Wednesday 30 October 2019

Arab fling: "Tehran: City of Love"


The momentum Iranian cinema had in spades at the start of the century has ebbed away over the intervening years, which may just be what happens when a country's filmmaking luminaries die (Abbas Kiarostami), go AWOL (the many Makhmalbafs), are placed under house arrest (Jafar Panahi) or head out of town on starrier business (Asghar Farhadi). Tehran: City of Love, the second feature of the director Ali Jaberansari, may not quite be enough in itself to reverse the trend, but it offers a little nudge that suggests there may be drolly observational life in the industry yet. Jaberansari and co-writer Maryam Najafi introduce us to a trio of crisscrossing lonely hearts who could scarcely be less like the harried, windswept citizens put front-and-centre in Kiarostami's films. They're on What's App, for starters, and are comfortably established in respectable professions; they have the time and freedom to go looking for love rather than, say, friends who've disappeared in earthquakes, or someone who might assist in euthanising them. We rapidly understand the country - or Tehran, at least - has stabilised in recent times; were it not for Panahi's well-documented troubles, we might conclude that its cinema has been gentrified to some degree. One of the characters here comes this close to appearing in a film with Louis Garrel: Jaberansari fashions a nice running gag out of the fact nobody in Tehran really knows who Garrel is, but that joke depends entirely on the film's own audience recognising the tousle-haired Gallic sulker as a talismanic figure in upmarket arthouse circles.

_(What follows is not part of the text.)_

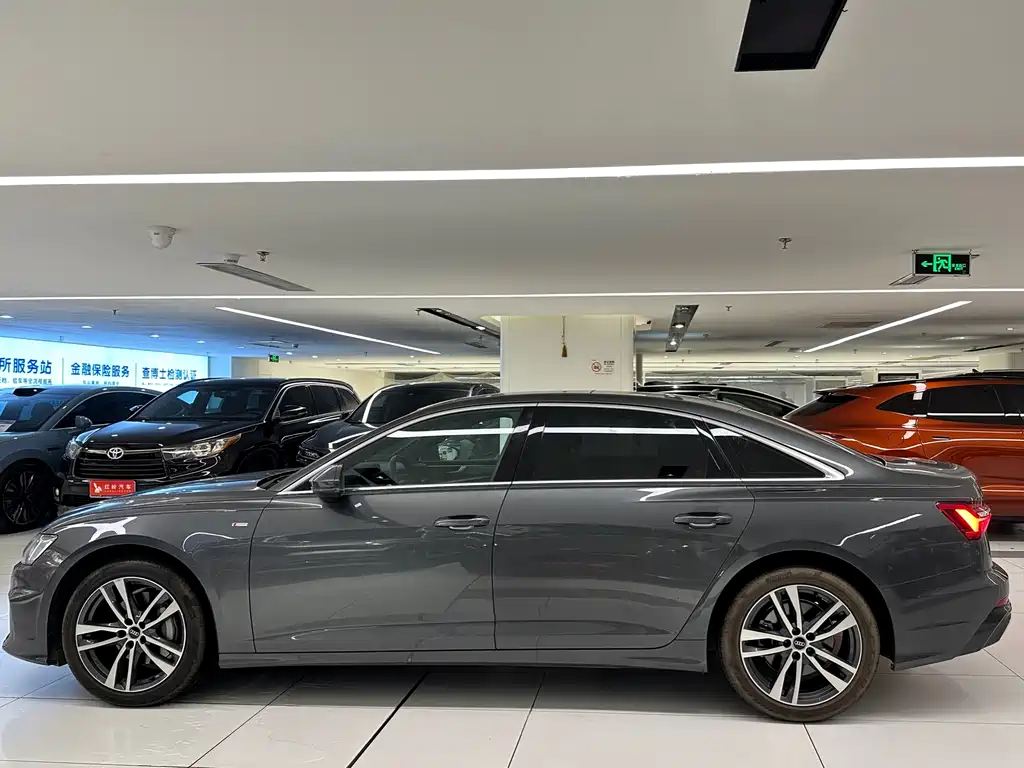 Audi A6L 2022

The recent history of Iranian cinema seems to have been less influential on Jaberansari's thinking, all told, than TV sketch shows and the output of certain YouTube channels. This is a skittish film, zapping back-and-forth between the romantic misadventures of comfort-eating receptionist Mina (Forough Ghajabagli), lovesick muezzin Vahid (Mehdi Saki) and hapless personal trainer Hessam (Amir Hessam Bakhtiari), though within these slices of life, Jaberansari's generally fixed camera allows us time to study some spare, choice mise-en-scène. Nothing in the film is sadder and more revealing than the four biscuits - most likely Rich Tea; plain digestives at best - sitting untouched on a plate in Vahid's bachelor pad. The comedy works through accumulation - it grows on you - steered by actors with sharply defined, contrasting presences. Jaberansari has a real asset in Bakhtiari, who sports the hangdog features of Tex Avery's Droopy atop the marbled body of a Charles Atlas model, an unlikely mix-and-match that sustains the film through its lowest-key strand: Hessam's mooning over a fellow bodybuilder, where you wonder just how much musclebound longing a filmmaker can sneak past the Iranian censors nowadays. Saki is never funnier than when moping his way through the mosque's phys-ed program, although Vahid's midfilm effort to relaunch himself as a wedding singer with a repertoire of exclusively downbeat standards runs it a close second. Such turns explain why the film has performed modestly well in those cinemas that have so far booked it: it's at once more accessible than the Iranian cinema of yore, which demanded patience, where Jaberansari cuts freely around, goes for laughs, and insists on looking on the bright side even as his perennial singletons pass into another long, dark night of the soul. Nothing revolutionary - it's too blithe for that - but it has spark and character, which are appealing qualities on a movie night, as they would be on any other date.

Tehran: City of Love is now playing in selected cinemas, and streaming via Curzon Home Cinema.